_Task instructions_.
Please, without any pictures, set down exactly the part of the listing below that opens with the line containing "bag blonde_hair blue_eyes" and closes with the line containing "Men s Mitchell".

_Entries shown_.
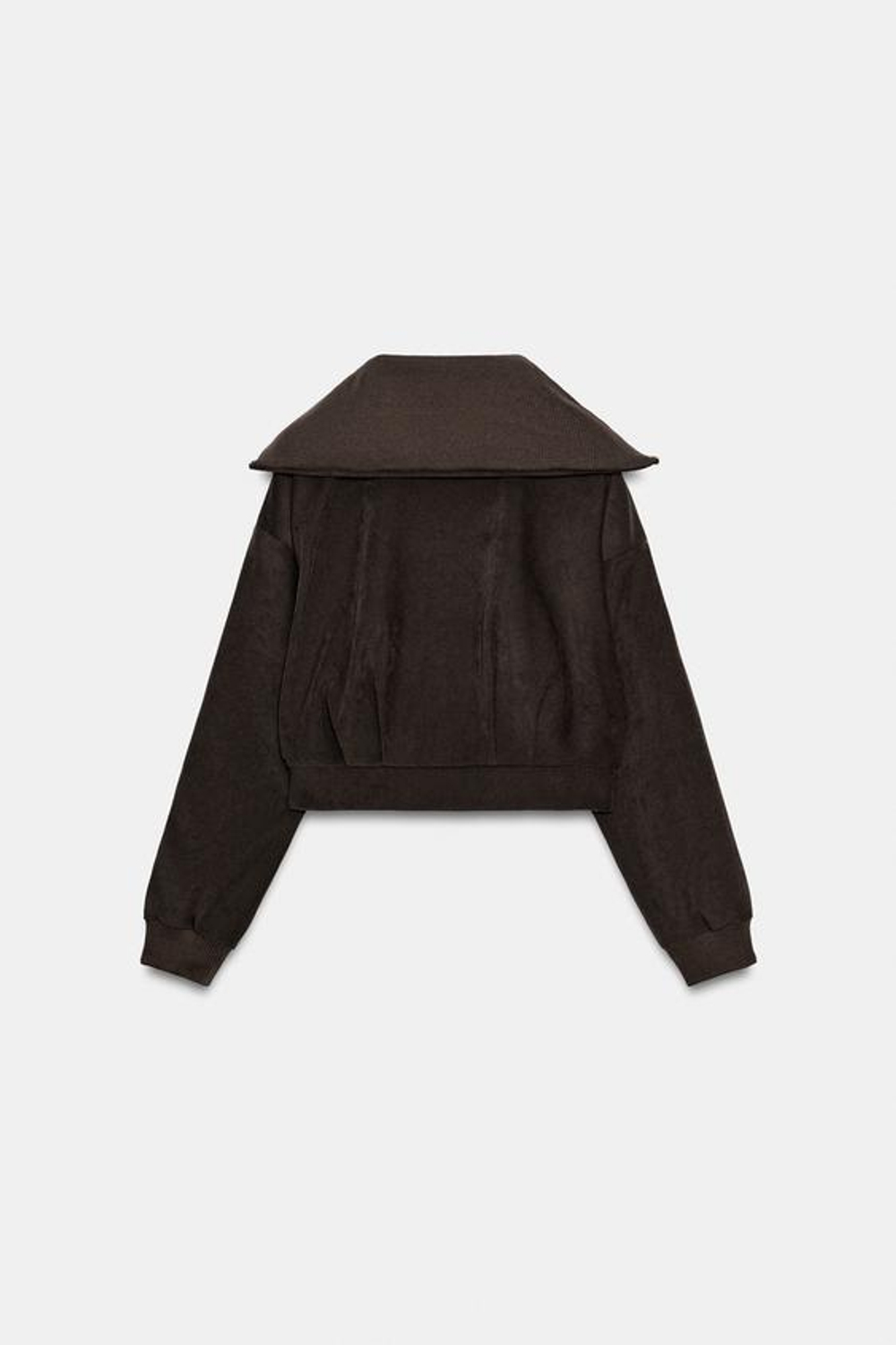 ZARA КОРОТКАЯ КУРТКА С ВОРОТНИКОМ В РУБЧИК, ТЕМНО-КОРИЧНЕВЫЙ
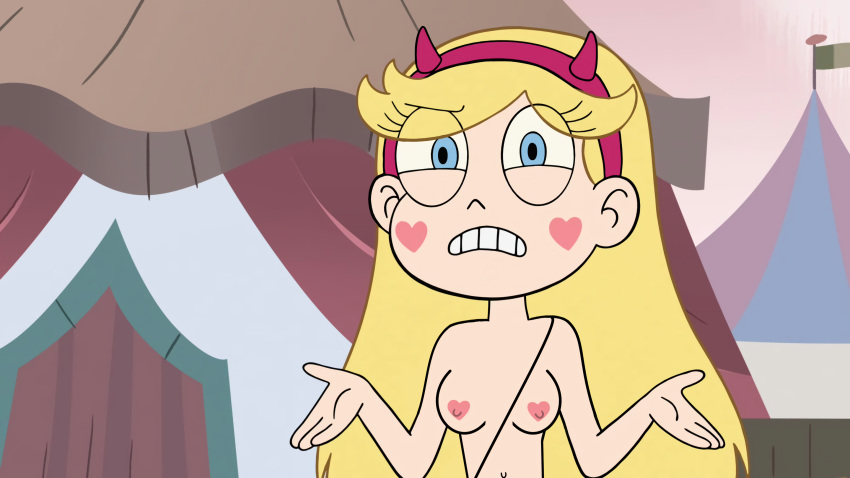 bag blonde_hair blue_eyes breasts casual edit glaw_(artist) headband heart-shaped_areola heart_cheeks nipples nude_filter outdoors star_butterfly star_vs_the_forces_of_evil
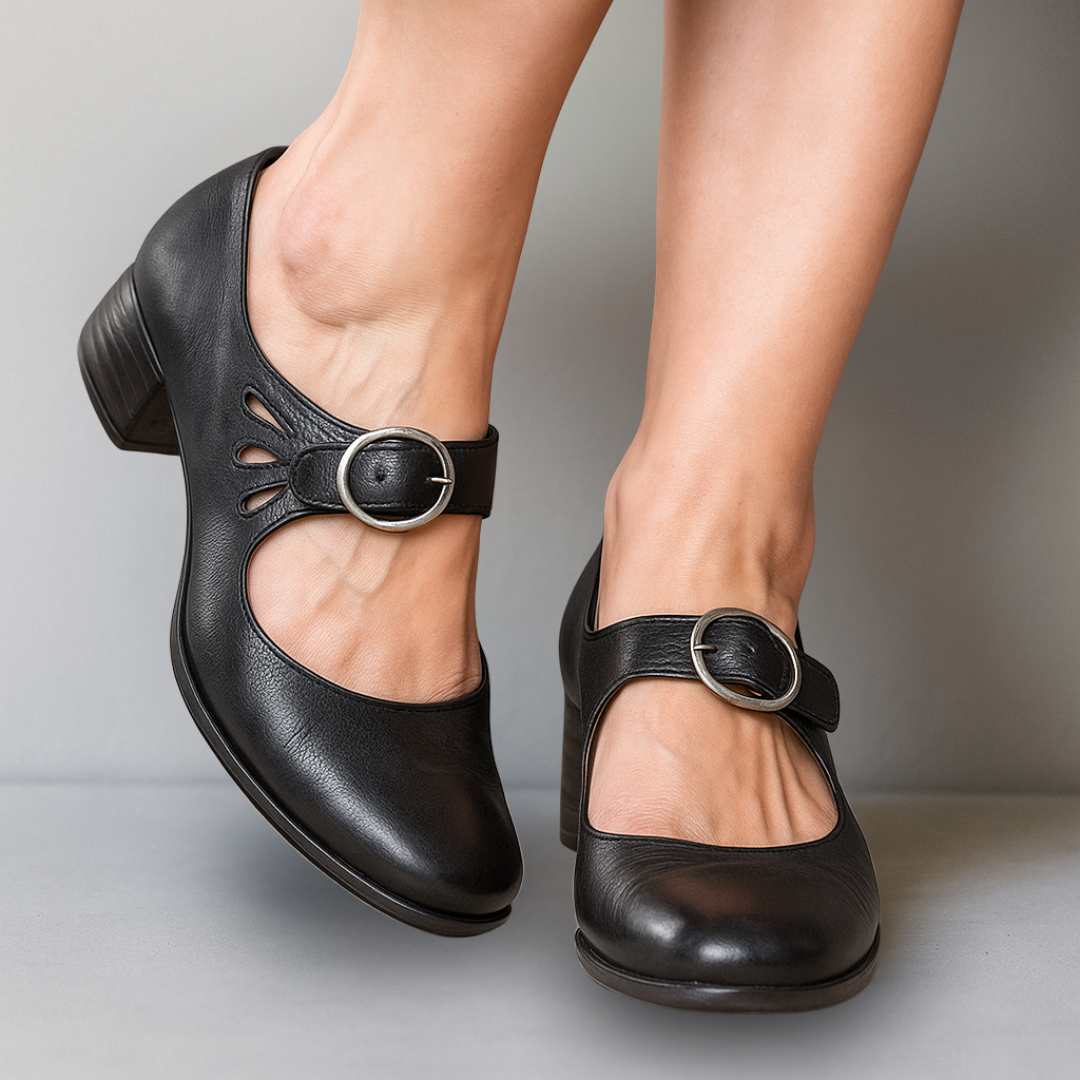 Women's Leather Ankle Strap Pumps with Rounded Toe - Black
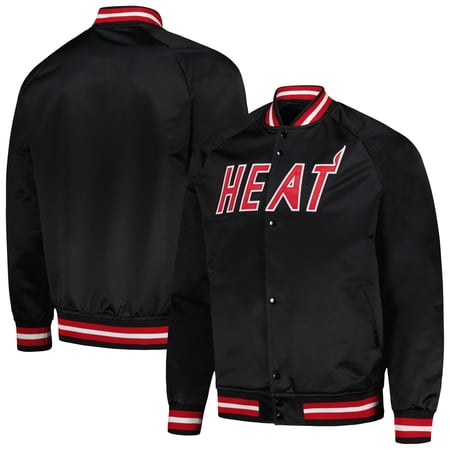 Men s Mitchell & Ness Black Miami Heat Hardwood Classics Throwback Wordmark Raglan Full-Snap Jacket
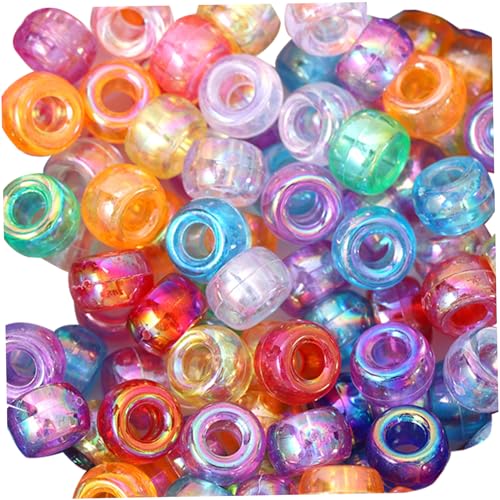 10 Set 1000pcs/Pack Glitter Pony Perlen 0.35 Durchscheinende Pony Perlen Bulk Kreatives DIY für Handwerk, Schmuck, Armbänder und Haarbraun von Ssguopte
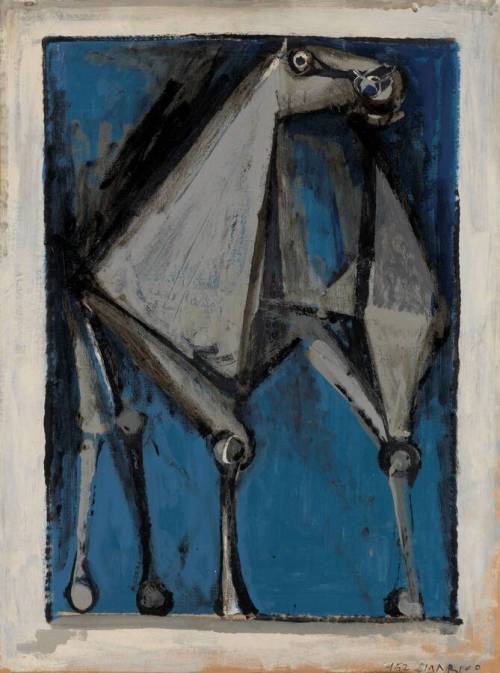 arsvitaest:  Marino Marini, Cavallo (Horse), 1952, paint on paper mounted on panel
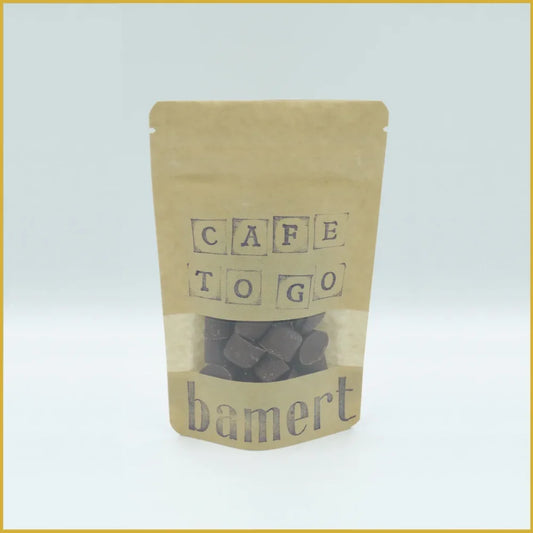 Stand-up Beutel mit Schokoladenstücken für Café to go unterwegs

_Answer_.
 bag blonde_hair blue_eyes breasts casual edit glaw_(artist) headband heart-shaped_areola heart_cheeks nipples nude_filter outdoors star_butterfly star_vs_the_forces_of_evil
 Women's Leather Ankle Strap Pumps with Rounded Toe - Black
 Men s Mitchell & Ness Black Miami Heat Hardwood Classics Throwback Wordmark Raglan Full-Snap Jacket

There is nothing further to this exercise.